### TASK STATEMENT
If an entry contains a picture, leave the picture out and reproduce everything else in the records below exactly.
+---+
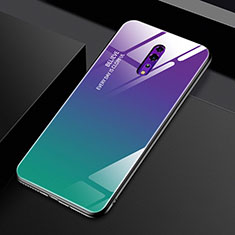 Silicone Frame Mirror Rainbow Gradient Case Cover for Oppo Reno Z Mixed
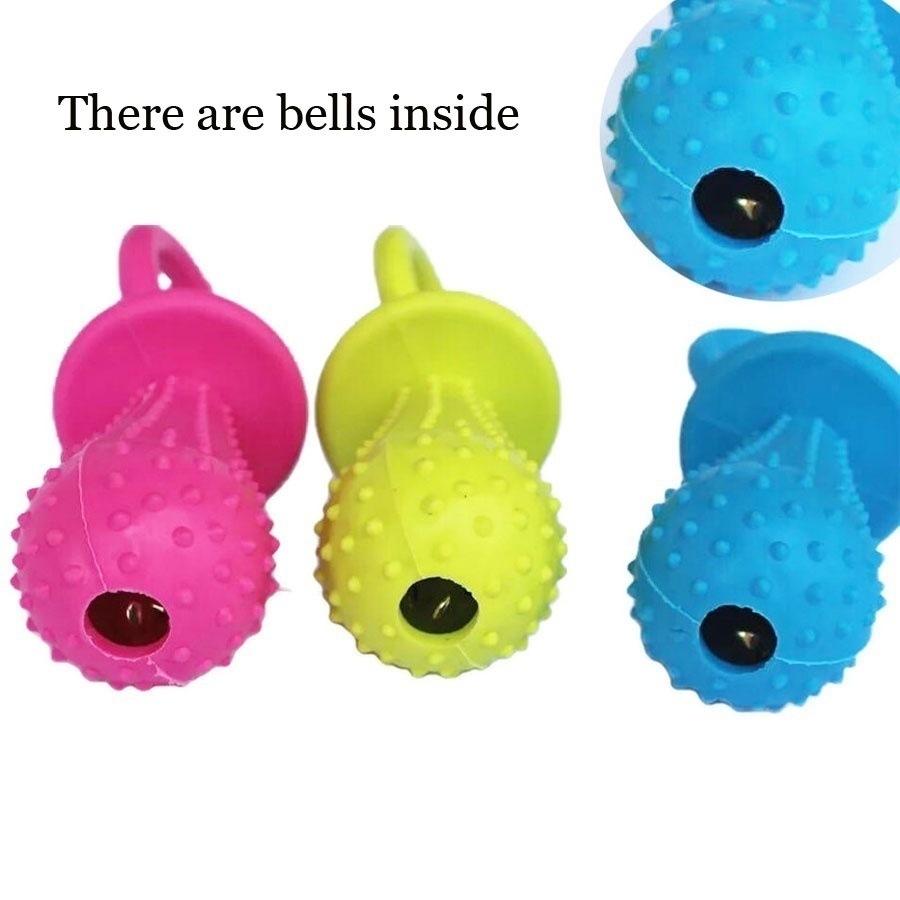 Đồ chơi cao su có chuông làm sạch răng cho thú cưng (màu sắc ngẫu nhiên)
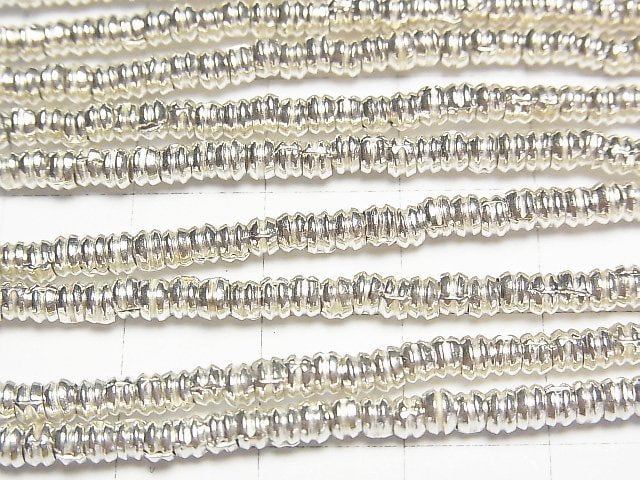 Karen Silver Patterned Roundel 3x3x2mm White Silver 1/4 or 1strand beads (aprx.27inch/67cm)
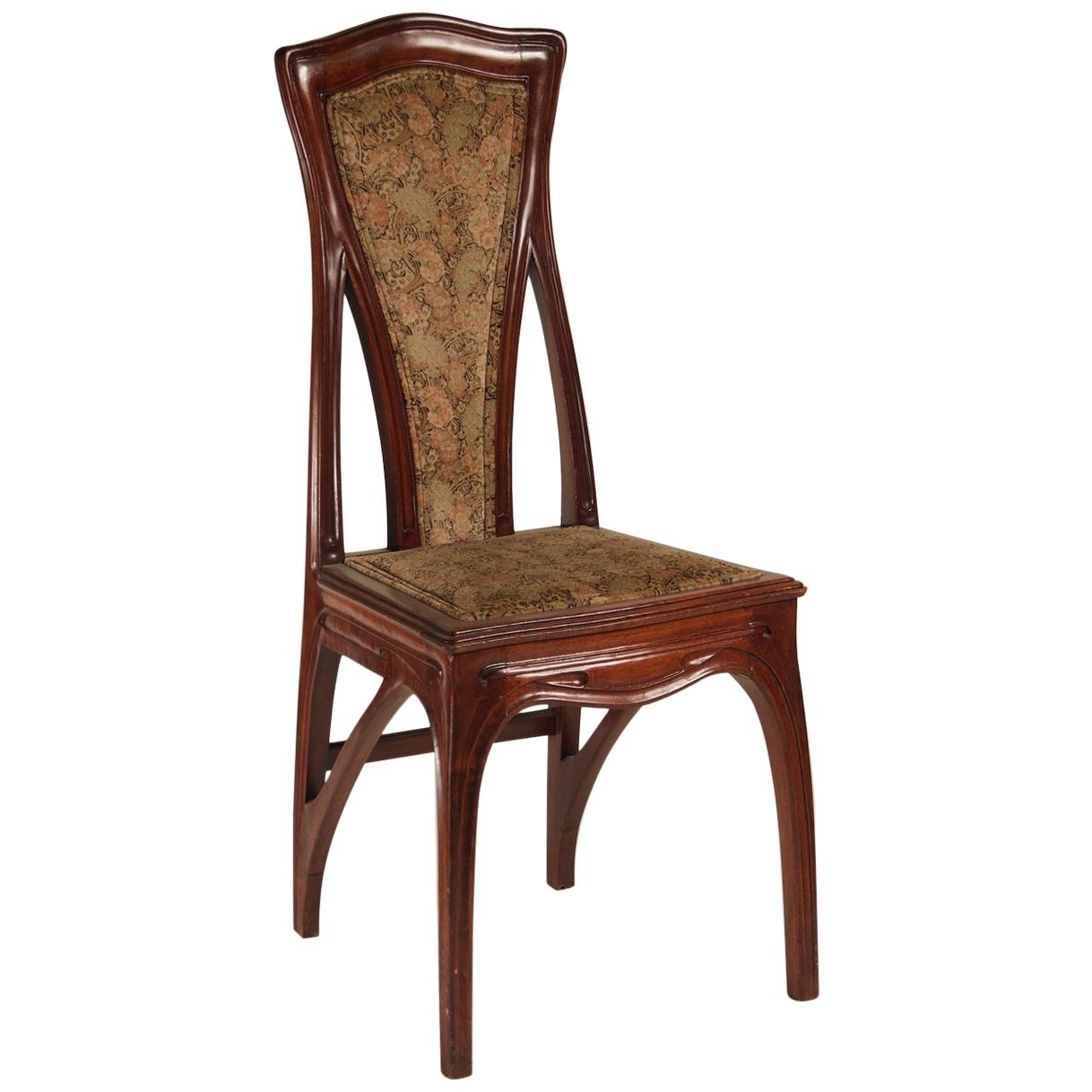 Attributed to Eugene Gaillard Pair of French Art Nouveau Side Chairs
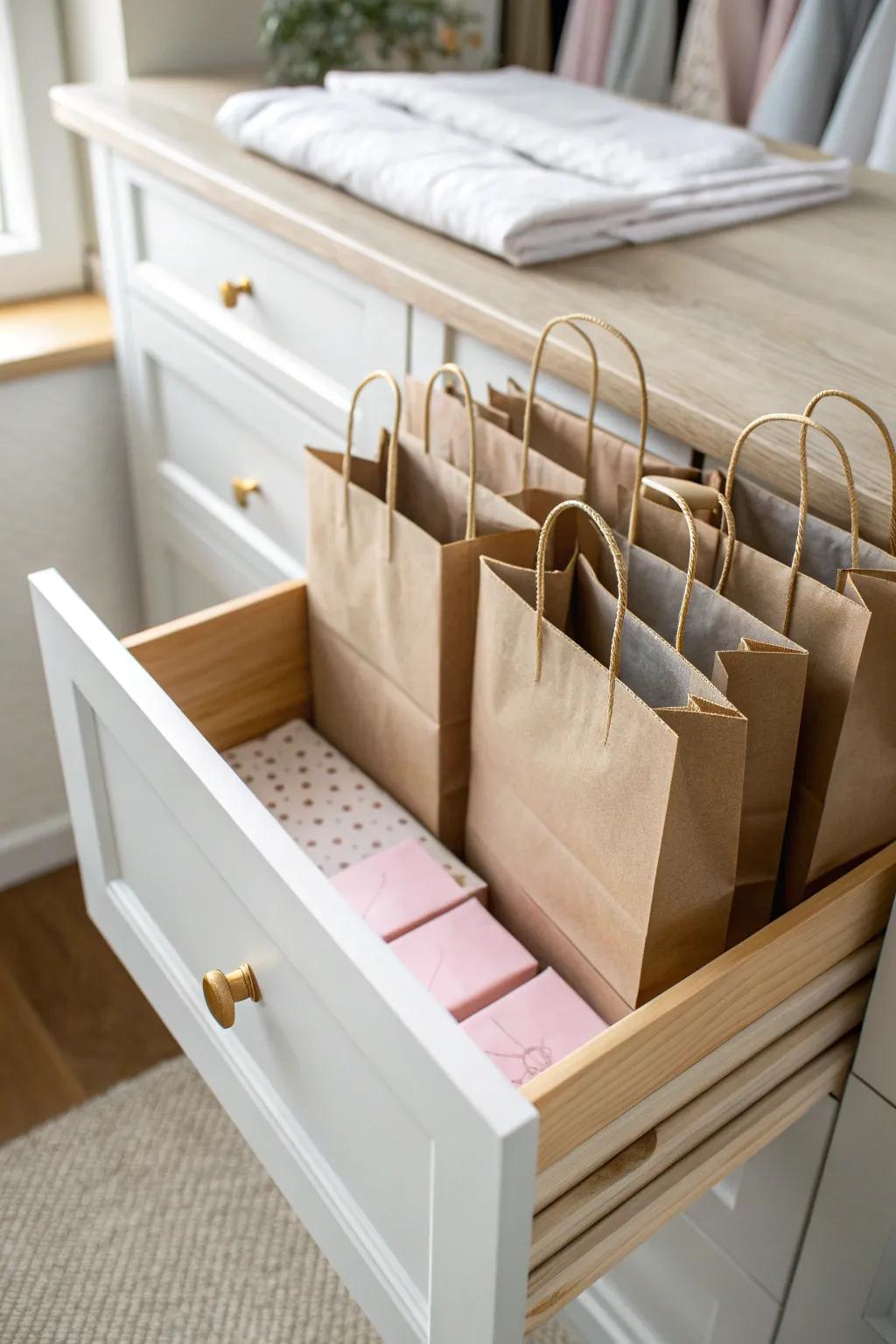 Turn a deep drawer into a luxe file system—gift bags stand tall with simple dividers.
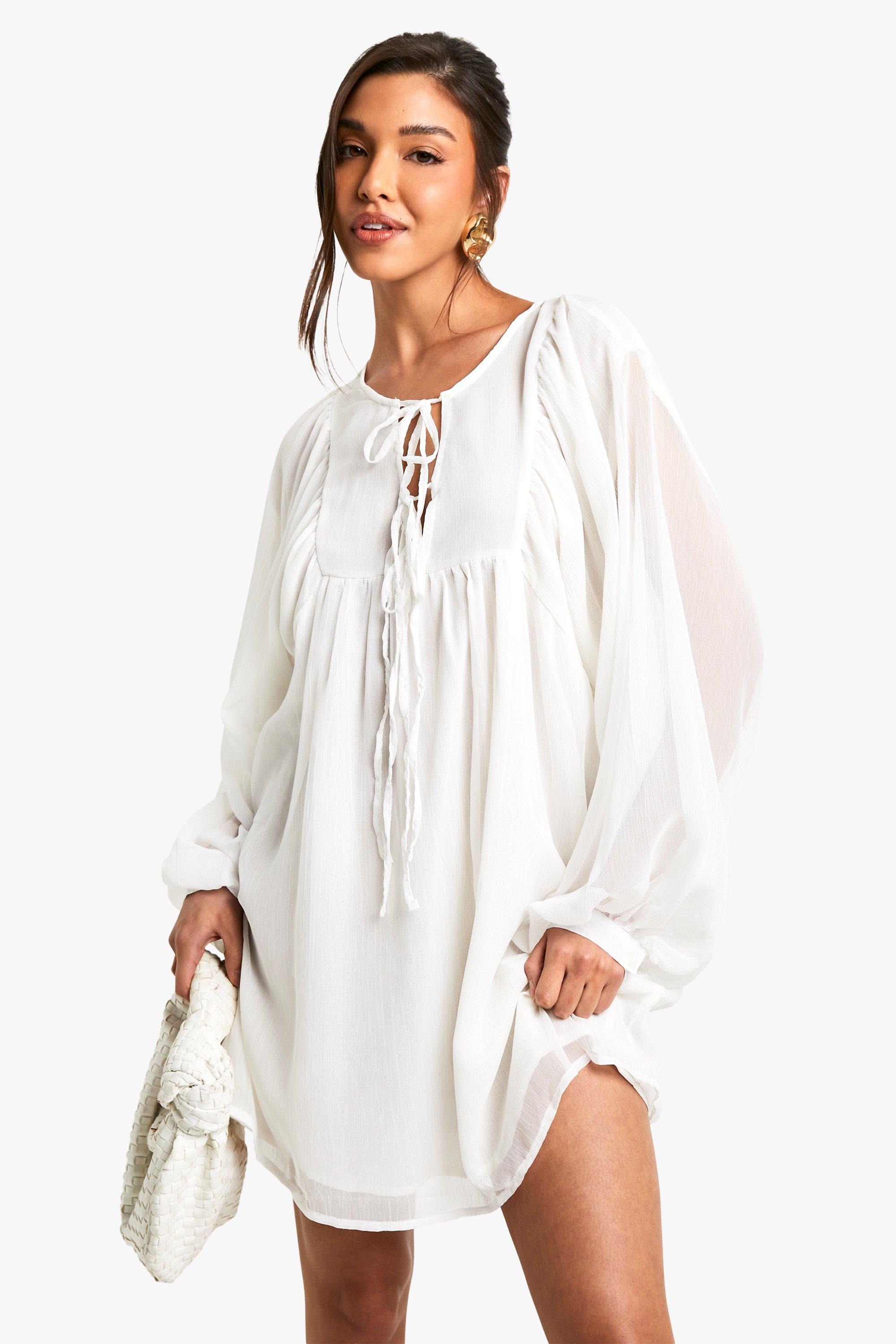 Crinkle Chiffon Smock Dress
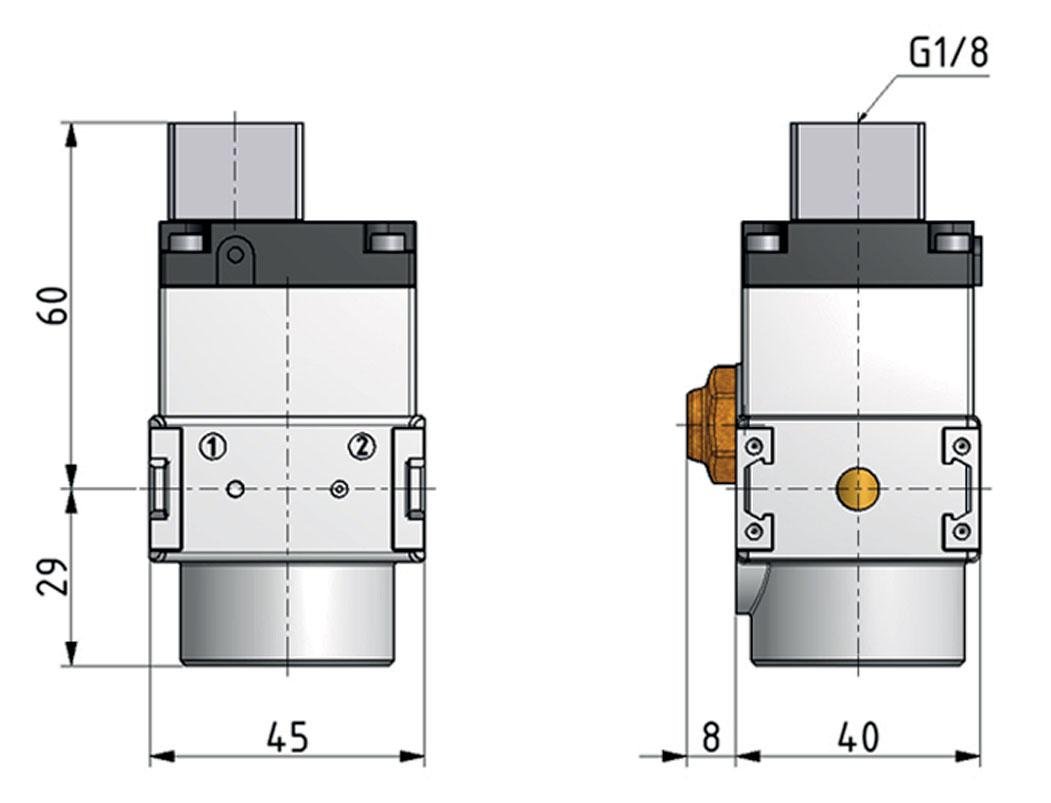 Válvula 3/2 G1/4 Operada Neumáticamente 1600 l/min Multifix 0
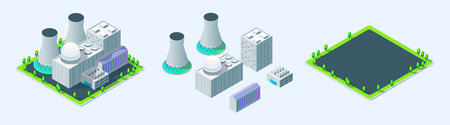 Cartoon Nuclear Power Plant Object with Separate Set Industrial Energy Building Concept 3d...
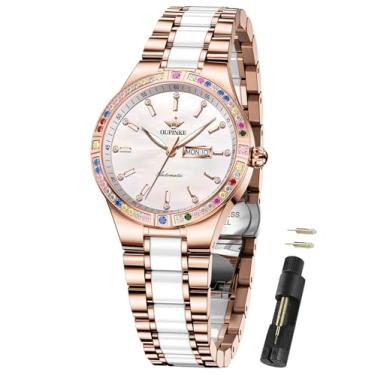 Imagem de OUPINKE Relógios de pulso femininos automáticos com diamante de luxo com corda automática, aço inoxidável, cristal de safira, cerâmica, relógios de pulso femininos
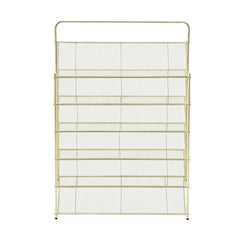 6-Tier Foldable Shoe Rack Pre Assembled Hold up to 24 Pairs of Shoes Freestanding Metal Mesh Shelf for Hallway Entryway Balcony Yard 9.5Lx26.5Wx110Hcm White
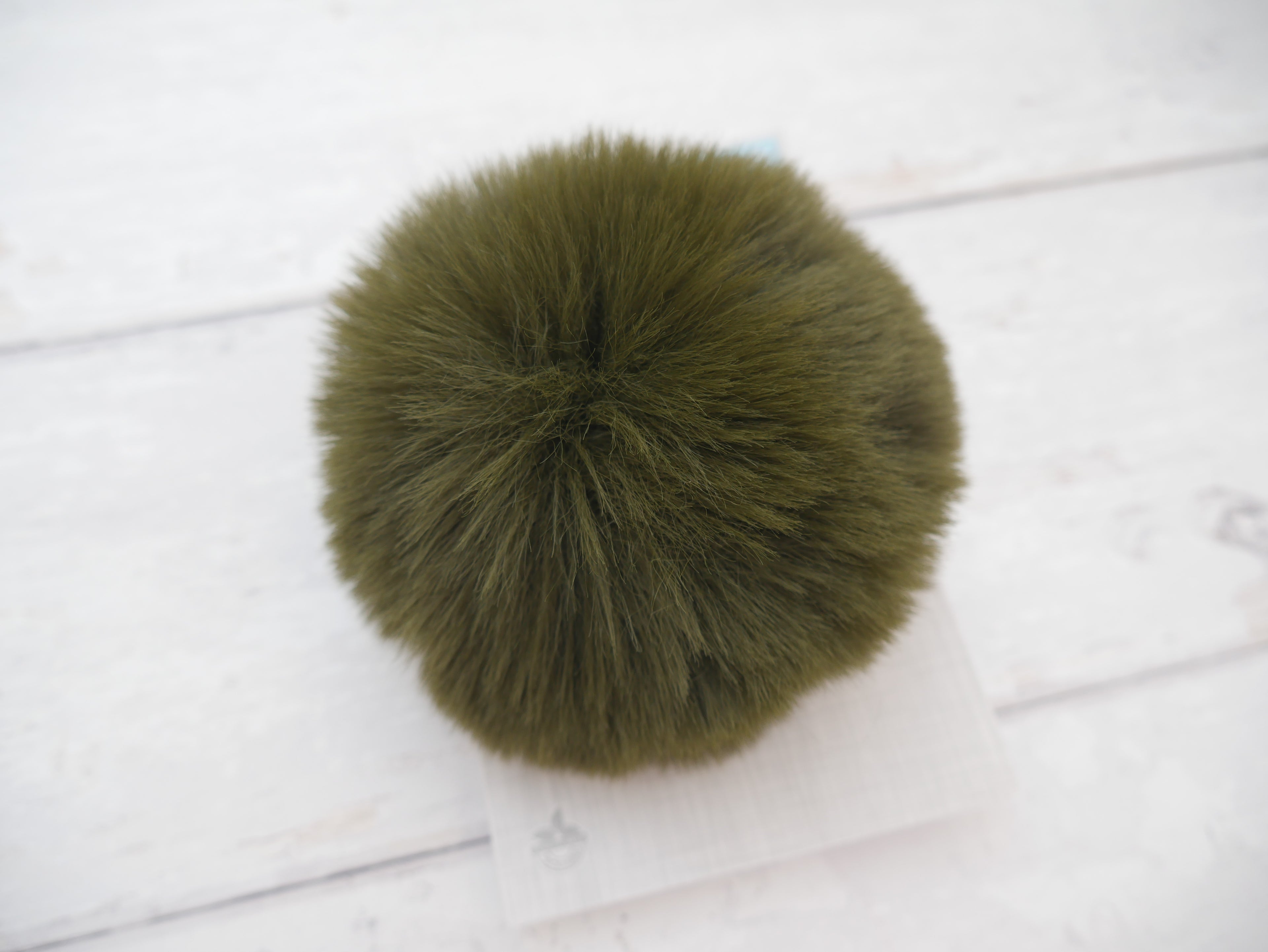 Fur Pom Pom, Khaki-Flying Bobbins Haberdashery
+---+
### SOLUTION FOR THIS PROBLEM
 Silicone Frame Mirror Rainbow Gradient Case Cover for Oppo Reno Z Mixed
 Đồ chơi cao su có chuông làm sạch răng cho thú cưng (màu sắc ngẫu nhiên)
 Karen Silver Patterned Roundel 3x3x2mm White Silver 1/4 or 1strand beads (aprx.27inch/67cm)
 Attributed to Eugene Gaillard Pair of French Art Nouveau Side Chairs
 Turn a deep drawer into a luxe file system—gift bags stand tall with simple dividers.
 Crinkle Chiffon Smock Dress
 Válvula 3/2 G1/4 Operada Neumáticamente 1600 l/min Multifix 0
 Cartoon Nuclear Power Plant Object with Separate Set Industrial Energy Building Concept 3d...
 Imagem de OUPINKE Relógios de pulso femininos automáticos com diamante de luxo com corda automática, aço inoxidável, cristal de safira, cerâmica, relógios de pulso femininos
 6-Tier Foldable Shoe Rack Pre Assembled Hold up to 24 Pairs of Shoes Freestanding Metal Mesh Shelf for Hallway Entryway Balcony Yard 9.5Lx26.5Wx110Hcm White
 Fur Pom Pom, Khaki-Flying Bobbins Haberdashery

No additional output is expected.